As a child, time seemed to be vague, ambigious at best. There was a sunrise and a sunset, but at the end of the day, time did not seem to exist outside of homework deadlines and afternoon snack. Until adulthood, I never really took notice of its passage. It was seemingly effortless, not affecting me in a way I could comprehend. Yes, I would technically get older each year and progress to a new grade, new classes, etc. But in the broader sense, not much changed. I still lived in the same house, the same town, went to the same stores, had the same friends – a time “bubble” if you will.
Events in our lives happen in a given sequence in time, but their significance to ourselves find their own order through the continuous thread of revelation. The latter part happening more rapidly as of late. College ushered in a new book in my life as I lived on my own for the first time and then leapt across the world to the far reaches of New Zealand with nary a thought to normalcy. Although I returned with my tail between my legs due to being victim to being abroad during the global economic collapse and my own declining health, the lessons I learned from living alone overseas shaped the foundations of the adult I am today.
The chapters of childhood have long closed and the written pages are being crafted of my life as an adult. It was not at all what I was expecting. Now I fully understand many adult’s depressed desires to return to a youthful state. I did not take into account just how much I had taken for granted when I was younger. Naturally I had the childhood bruises and scraped knees, but nothing from the eyes of a child can prepare you for the pain of heartbreak, destitution, of dealing with friends’ suicides, drug addictions, overdoses, and having your own body ripped apart. (Not to mention the fiscal, emotional, mental, and societal responsibilities of being an adult).
I’ve realised that half our life is spent trying to find something to do with the time we have rushed through life trying to save.
Still, I find myself wondering if my time is well spent. Much gets sacrificed to my disabilities or unfortunate mental health that I find myself grabbing for social media as priority over the movement of my own two feet. It’s easy. It’s comfortable. It’s safe.

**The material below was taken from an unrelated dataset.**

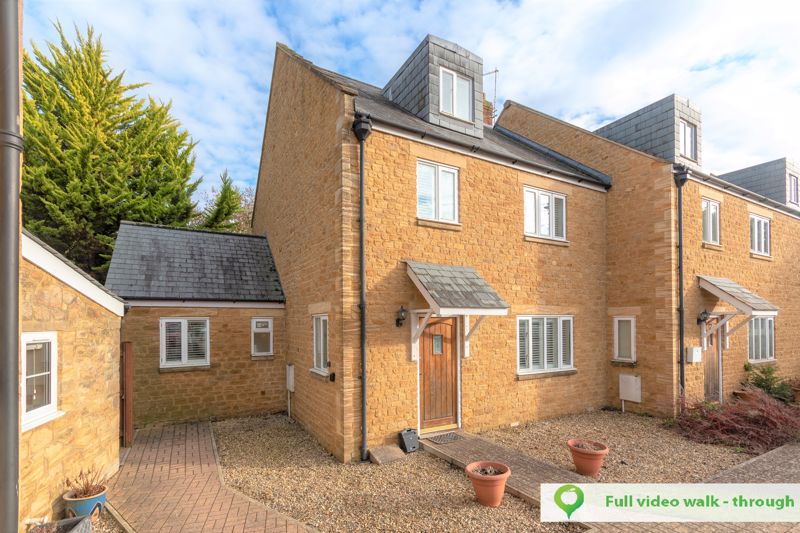 3 bed  for sale in South Petherton  - Property Image 1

Not in the slightest. I find myself longing for something much, much bigger. Now that’s not to say I have not grasped it on occasion. Between the new experiences of work on film sets and the intermittent thrills of photographing cosplays in the wild, I get to dip my toe back into adventure. But my heart longs for more.
What’s a poor girl to do?
After much debate, I’ve decided I’m going to embrace the locale I currently reside rather than constantly have my eyes coveting far away destinations out of my monetary reach. There is SO MUCH richness that Georgia has to offer in a wide variety of backgrounds. From towering stone ruins to mini grand canyons to the largest Indian temple outside of India to the one of the largest blooming of cherry trees outside of Japan. I want to connect with more local photographers, local historical sites, local bloggers, local natural wonders! (If you’re local and want to collaborate, please message me or leave a comment!)

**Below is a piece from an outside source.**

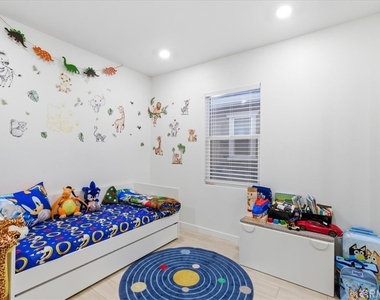 23768 Wilcox - Photo Thumbnail 11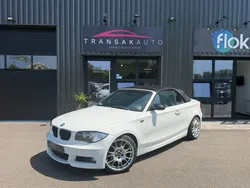 BMW SERIE 1 CABRIOLET E88 120i 170 ch PACK M avec RÉGULATEUR / CARPLAY / SIÈGES CHAUFFANTS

Though it wouldn’t be me if there wasn’t some aspect of geekery involved. I’m sure the word “travel blogger” brings particular image to mind, especially in regards to Instagram. A solitary figure (usually female) admist a sprawling vast wilderness or exotic landscape, bedecked in a flowing dress and matching hair. While it may be a cliched image these days, I still love it. The images provoke a feeling, a stirring within me (be that wonder, awe, or jealousy). The twist I’d like to bring to the table is to mimic the same style, but instead of it just being yours truly as the figure (because let’s face it, I would be lost in the sea of white female Instagrammers), it would be me as various fandom characters; like Lara Croft, Carmen Sandiego, Daenerys, Belle, Bladerunner, etc.

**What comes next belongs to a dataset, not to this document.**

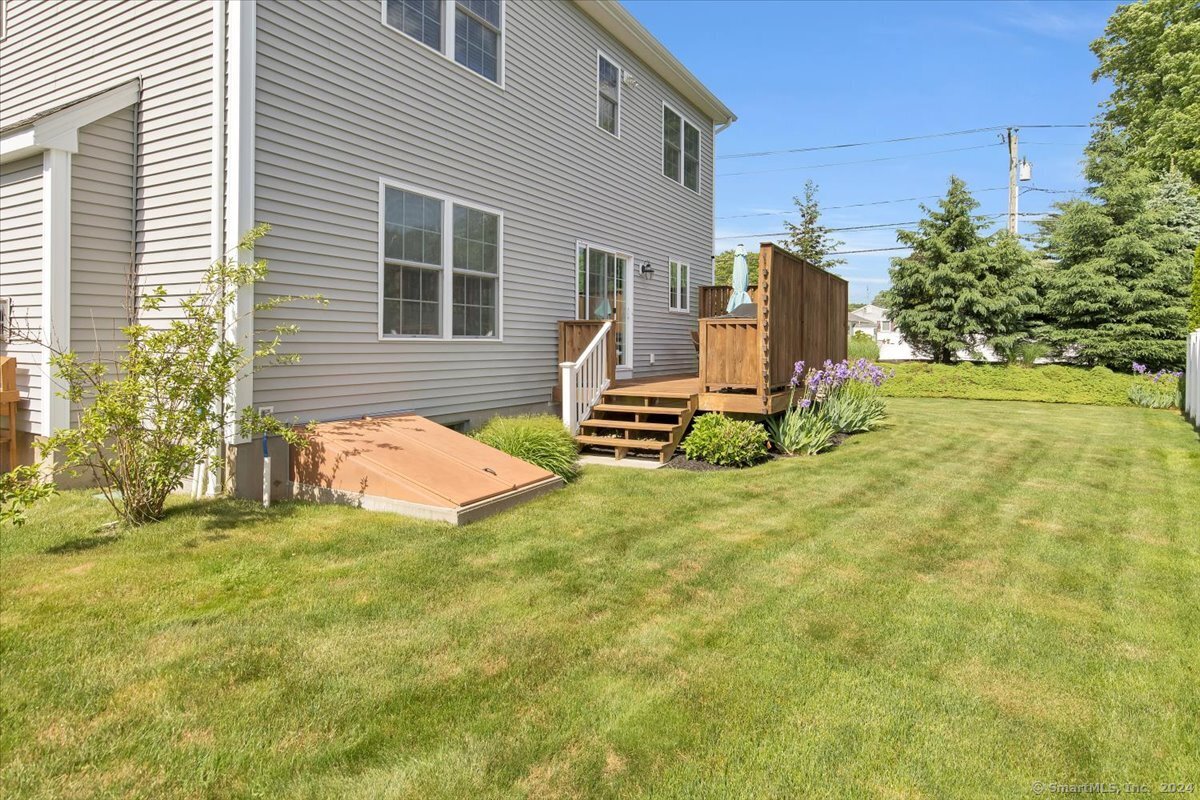 1 Fieldstone Lane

The internet boasts a lot of travel bloggers as it stands, each trying to make their stamp of individuality. This is mine. For I am not content to simply stand by to watch others have adventures or to relegate costumes to convention halls. (One of my favourite experiences to date is still wandering up the densely fog covered Stone Mountain in my Rey costume. A dismally grey day that would’ve otherwise kept me bound to bed.)
So in conclusion…
There is no time like the present. Let’s go on an Adventure!